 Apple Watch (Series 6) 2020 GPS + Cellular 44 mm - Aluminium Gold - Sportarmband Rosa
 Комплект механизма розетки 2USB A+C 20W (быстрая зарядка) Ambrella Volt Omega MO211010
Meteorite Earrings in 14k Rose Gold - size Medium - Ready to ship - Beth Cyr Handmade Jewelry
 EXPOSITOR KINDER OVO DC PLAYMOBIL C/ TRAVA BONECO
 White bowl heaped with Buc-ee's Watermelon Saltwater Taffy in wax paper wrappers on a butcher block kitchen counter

--

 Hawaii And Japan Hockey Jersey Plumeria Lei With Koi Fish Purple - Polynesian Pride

YOUR OBJECTIVE —
The required output is every line above from the one with "Meteorite Earrings in" down to the one with "White bowl heaped", restated word for word, ends included.

EXERCISE RESULT —
Meteorite Earrings in 14k Rose Gold - size Medium - Ready to ship - Beth Cyr Handmade Jewelry
 EXPOSITOR KINDER OVO DC PLAYMOBIL C/ TRAVA BONECO
 White bowl heaped with Buc-ee's Watermelon Saltwater Taffy in wax paper wrappers on a butcher block kitchen counter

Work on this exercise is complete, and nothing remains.